Coral Browne (23 July 1913 - 29 May 1991) was an Australian stage and screen actress.

Contents

Career

She was born Coralie Edith Brown, the only daughter of a restaurant-owner, in Footscray, a suburb of Melbourne, Australia, where she studied at the National Gallery Art School. Her amateur debut was as Gloria in Shaw's You Never Can Tell directed by Frank D Clewlow. Gregan McMahon snapped her up for her professional debut as Margaret Orme in Loyalties at Melbourne's Comedy Theatre on 2 May 1931 (she was still billed as "Brown", the "e" being added in 1936).[1]
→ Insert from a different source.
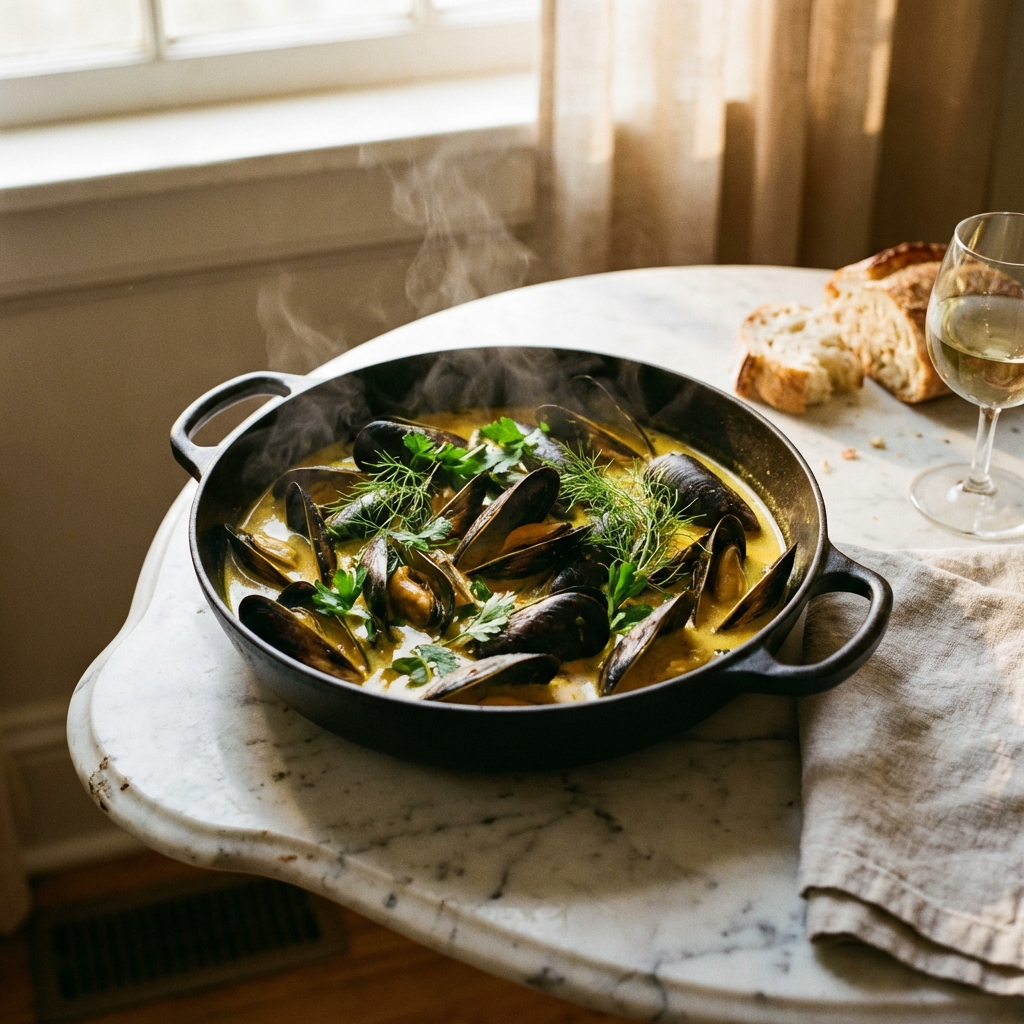gietijzeren pan met mosselen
At the age of 21 she migrated to England, where she became established as a stage actress. She began film acting in 1936, with her more famous roles being Vera Charles in Auntie Mame (1958), Mercy Croft in The Killing of Sister George (1968), and Lady Claire Gurney in The Ruling Class (1972).

In 1969, Browne appeared in the poorly received original production of Joe Orton's controversial farce What the Butler Saw in the West End at the Queen's Theatre with Sir Ralph Richardson, Stanley Baxter, and Hayward Morse.
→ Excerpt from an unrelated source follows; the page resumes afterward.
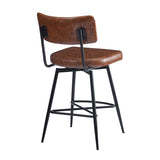 ZUN 26''Retro Swivel Counter Stools Set of 2,Brown Counter Stools with iron Frame,PU Sponge N780P199991B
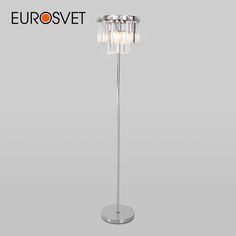 Торшер Eurosvet Elegante 01137/3 хром с прозрачным хрусталем Strotskis E14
While touring the Soviet Union in a Royal Shakespeare Company production of Hamlet in 1958, she met spy Guy Burgess.[2] This meeting became the basis of Alan Bennett's script for the television movie An Englishman Abroad (1983) in which Browne played herself, apparently including some of her conversations with Burgess. Burgess who had found solace in his exile by continually playing the music of Jack Buchanan, asked Coral Browne if she had known him. "I suppose so", the actress replied, "we nearly got married". Her other notable film, Dreamchild (1986) concerned the author Lewis Carroll. In the film, Browne gave an affecting account of the later life of Alice Liddell who had inspired the tale Alice in Wonderland.

Personal life

She married actor Philip Pearman in 1950; he died in 1964. While making the film Theatre of Blood (1973), she met actor Vincent Price, and they married on 24 October 1974. She also allegedly conducted affairs with Firth Shephard, Jack Buchanan, Maurice Chevalier, Michael Hordern, and costume designer Cecil Beaton, as well as affairs with women.[3]

She became a naturalized U.S. citizen in 1987 as a gift to Price, in exchange for which he converted to Roman Catholicism as a gift to her (she had converted many years previously).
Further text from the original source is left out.